Emma: Yeah, yeah. Cuz I think the big thing is usually the price tag, because you’re like, Oh, I just wasted all this money or like, I spent that money and now I can’t afford to change it, but I hate it so now I have to live with this thing that I hate. And that’s always tough. So I think another thing is, sometimes I find myself in this place where I’m like, I kind of like, let’s just say wallpaper. Let’s just say that’s what I’m doing. I’m picking the wallpaper for a bedroom. Let’s just say, I’m not, but let’s just say. Maybe I have a couple that I’m like, Oh, these are kind of wild, but I’m really into them. Or maybe they’re very trendy or whatever. And then I might have a couple that I’m like, these are safer. I feel like I’ll definitely like these fine, but they’re not necessarily the most exciting thing. So then one thing you can do when you’re like, What do I do? Do I go with the more safe choice? Or do I go with a wild thing? So one, like Elsie said, if you’re able to get samples and hang them up, just tape them, you don’t have to paste them up or anything, just tape them up. That’s one thing to try. And then also, I would think through, how big is the room? How much is it going to cost to wallpaper? Is it a cost where if I hate it a year from now, or six months from now, could I afford to change it? And would I be willing to do that? And if the answer’s no, then well, maybe err on the side of the safer choice, depending maybe, just kind of thinking like, Would I be able to change this, either labor wise, or cost wise, things like that. Because those are sort of the big regrets, is when you can’t change it, it’s a done deal and you know, you don’t like it, and you’re just stuck. Because then you have to keep looking at your mistake for years in your house. And it’s just such a bummer.

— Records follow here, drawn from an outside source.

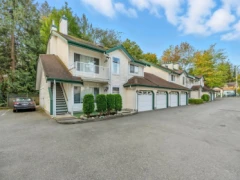 210 10308 155a Street, Surrey, BC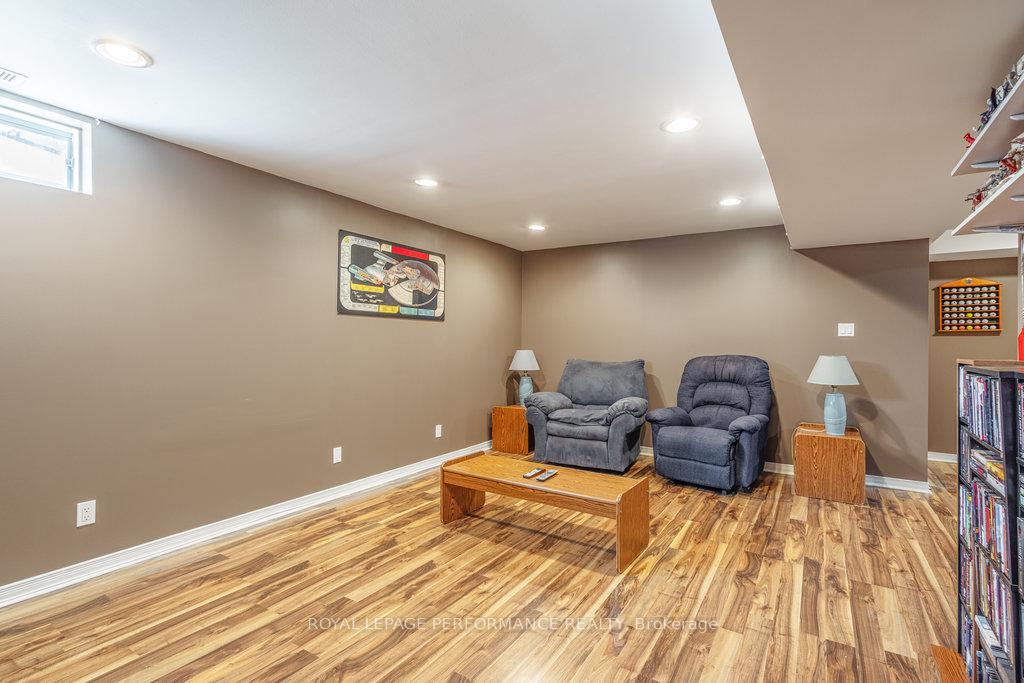 Photo 36 of 147 Grassy Plains Drive, Ottawa, Kanata - Emerald Meadows/Trailwest — HOMEH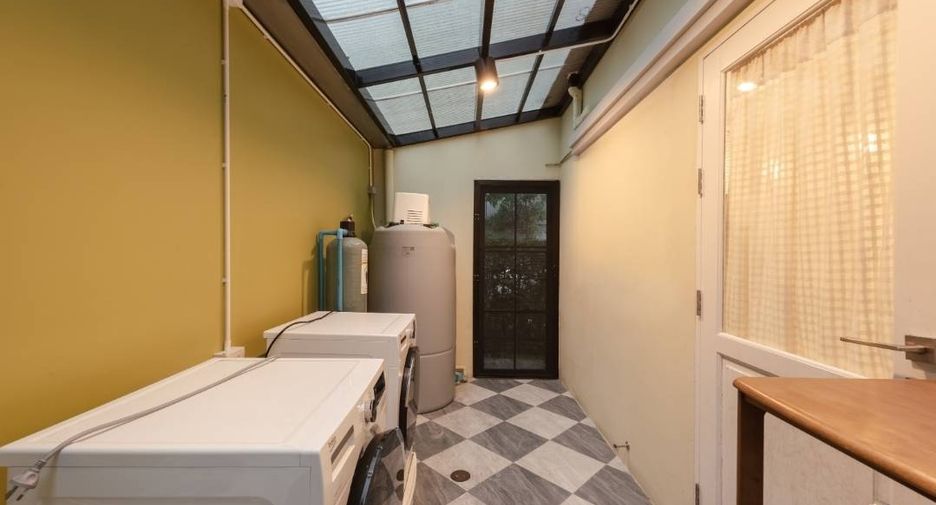 For sale 3 bedrooms townhouse in Bang Phli, Samut Prakan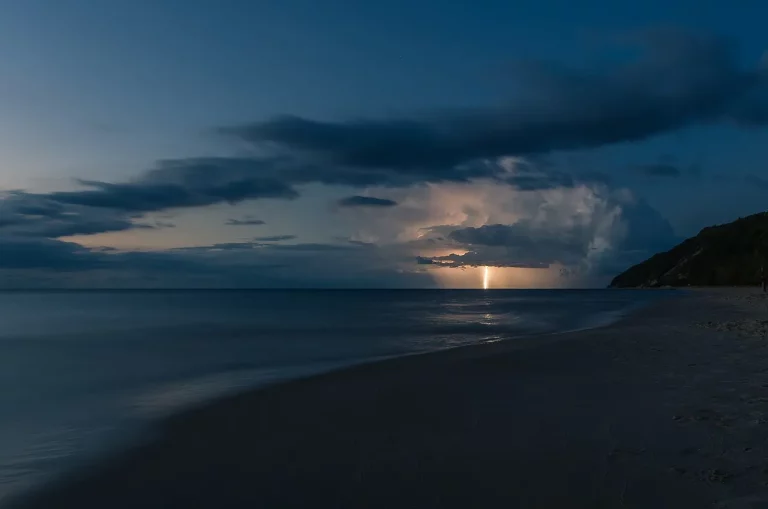 Guide To Beaches Open At Night In Miami
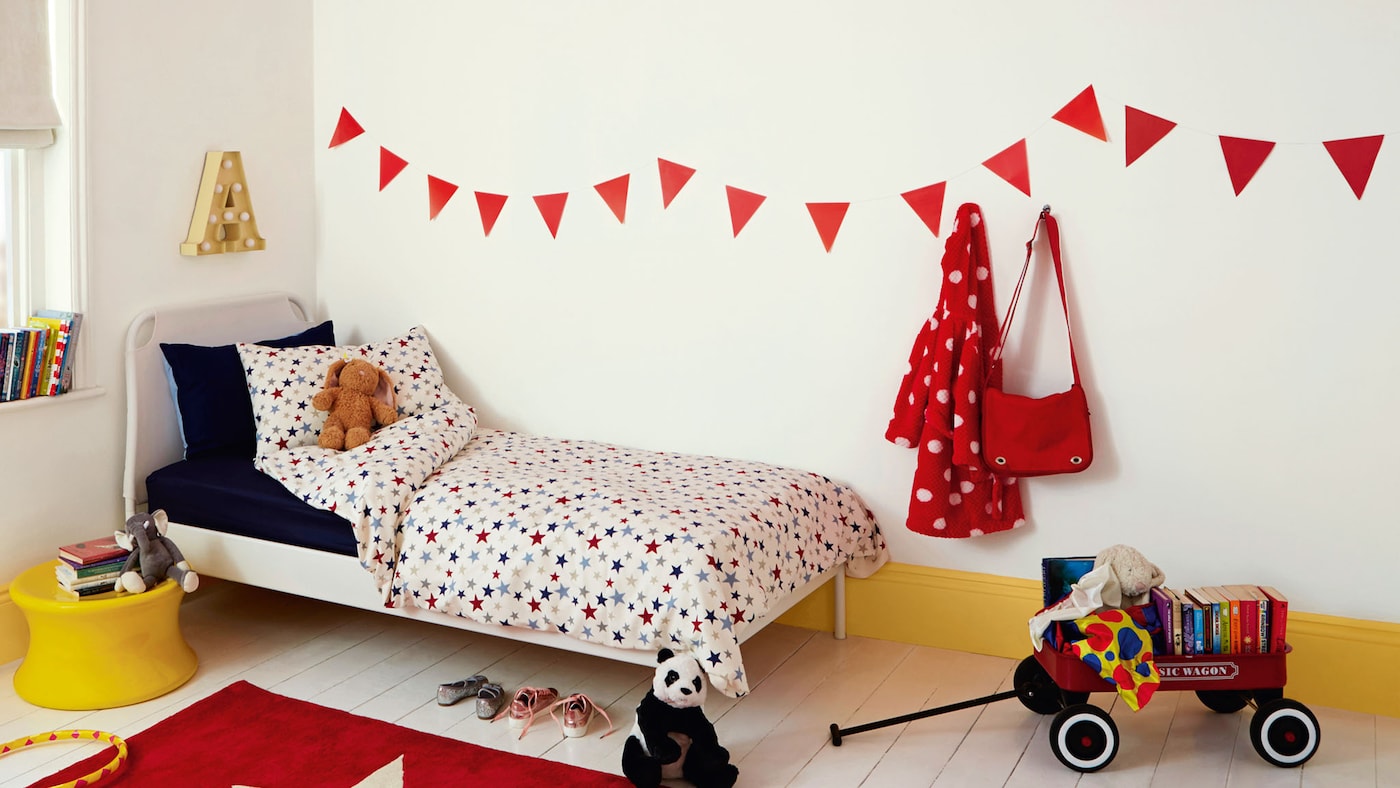 Probá el blanco en el dormitorio de tu hijo para lograr un aspecto versátil y con estilo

Elsie: Yeah, and for me, those mistakes have always come from not putting enough thought into it. A lot of times, it’s what I did in my last house, and I liked it in my last house, so I just pick it for the new house. Or what I’ve seen in pictures, and I liked it in this picture so I just said, let’s do this. I think that anytime that I put an obsessive amount of thought and do the pin boards and do the mood boards, I don’t think I’ve ever had a regret after putting in that much effort. So that’s a great way to safeguard yourself and just test your true feelings about a trend, because yeah, I as an Enneagram seven, I’m very infatuated by trends. Especially when I first see them, if it’s something you know like home decor trends can be like eye candy, they’re very catchy and appealing. I also am a person who likes sort of catchy designs. So it’s hard to tell sometimes if it’s something that I truly love, or if it’s something that, you know, is the flavor of the year, that’s going to be different next year. Okay, so let’s talk about how to find your style so you can filter trends that you know you are going to keep loving. This is something that I wish I would have learned in my 20s. But that’s okay, I’ll know for my 40s instead. It all comes down to the mood boarding time that you put in. The other thing I would say is to try it out in a small dose. A lot of times with trends, you can just try it in your home in the smallest way, like a patterned tablecloth, pillows, something like that that’s under $100 and just see if it feels right. A lot of times I can feel right away, Oh, okay, I actually don’t love that for this home. I just liked it in pictures, which are two very different things.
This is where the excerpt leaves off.